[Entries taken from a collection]
>>>

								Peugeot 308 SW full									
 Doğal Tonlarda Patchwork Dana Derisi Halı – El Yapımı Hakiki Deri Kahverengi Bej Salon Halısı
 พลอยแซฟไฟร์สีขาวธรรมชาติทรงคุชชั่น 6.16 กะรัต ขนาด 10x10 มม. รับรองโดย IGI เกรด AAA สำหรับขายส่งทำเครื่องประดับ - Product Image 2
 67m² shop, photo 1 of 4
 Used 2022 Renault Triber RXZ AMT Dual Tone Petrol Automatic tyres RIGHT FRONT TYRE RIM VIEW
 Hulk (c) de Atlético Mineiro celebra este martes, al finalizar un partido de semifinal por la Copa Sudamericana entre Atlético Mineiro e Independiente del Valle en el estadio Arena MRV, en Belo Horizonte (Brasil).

<<<

* _Exercise brief_: Each record above must be transcribed exactly, and none may be skipped.

* _Solution for this task_:
								Peugeot 308 SW full									
 Doğal Tonlarda Patchwork Dana Derisi Halı – El Yapımı Hakiki Deri Kahverengi Bej Salon Halısı
 พลอยแซฟไฟร์สีขาวธรรมชาติทรงคุชชั่น 6.16 กะรัต ขนาด 10x10 มม. รับรองโดย IGI เกรด AAA สำหรับขายส่งทำเครื่องประดับ - Product Image 2
 67m² shop, photo 1 of 4
 Used 2022 Renault Triber RXZ AMT Dual Tone Petrol Automatic tyres RIGHT FRONT TYRE RIM VIEW
 Hulk (c) de Atlético Mineiro celebra este martes, al finalizar un partido de semifinal por la Copa Sudamericana entre Atlético Mineiro e Independiente del Valle en el estadio Arena MRV, en Belo Horizonte (Brasil).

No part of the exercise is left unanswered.